Being told by an outsider, after independant examination, that you're
doing the best that can be done to achieve your documented security
goals --- that's worth a bunch! I've only had that happen once. It's a
real treat. Plus, getting an outside auditor to endorse goals and
strategies can be a powerful reinforcement; for instance, they can throw
their weight behind a major OS upgrade when some people are stalling.
> > I speak from recent personal experience. We had one audit come roaring
> > through, complete waste of time, [...]
> Not a complete waste if you updated your auditing requirements, no?
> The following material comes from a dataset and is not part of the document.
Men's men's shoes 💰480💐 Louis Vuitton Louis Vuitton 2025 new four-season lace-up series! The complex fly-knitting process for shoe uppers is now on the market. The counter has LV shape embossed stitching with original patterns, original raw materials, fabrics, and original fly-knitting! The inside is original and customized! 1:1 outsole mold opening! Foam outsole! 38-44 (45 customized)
Good point! Somehow I hadn't managed to think about it that way,
becore...but yup, if you succeed in learning from mistakes then they are
no longer a _complete_ waste of time. Might not be the shortest and most
efficient route to get where you're going, but at least you can turn 'em
into progress after a fashion.
> > Next time and audit came around, we insisted on interviewing the people
> > who would be auditing us, grilling them to make sure they understood the
> > tools we were using to implement our security structure. Our stance was
> > that unless they knew enough to be able to understand our security
> > implementation, they couldn't analyze it for flaws and criticise it
> > inteligently. Worked like a champ.
> How many interviewees did you have to go through for this?
We had protracted discussions with teams fielded by two major auditing
firms --- and they knew what we were attempting to do up front, when
they were proposing their teams. Either one of them could have done a
decent job, we picked the one that seemed to have more depth in our
technology. But just by insisting that we had to be able to learn from
our auditors, and insisting on interviewing them to check this point, we
got a whole different grade of people.
> > The rule is simple: don't waste money getting audited by people who know
> > less than you do.
> That doesn't leave you with a very big audit pool...
Not a huge one, no, but big enough. They don't have to know more than
you do about every detail; they need to know enough to give a reasonable
overall examination and evaluation of your setup, and they need to have
enough depth so they'll know some useful details you don't.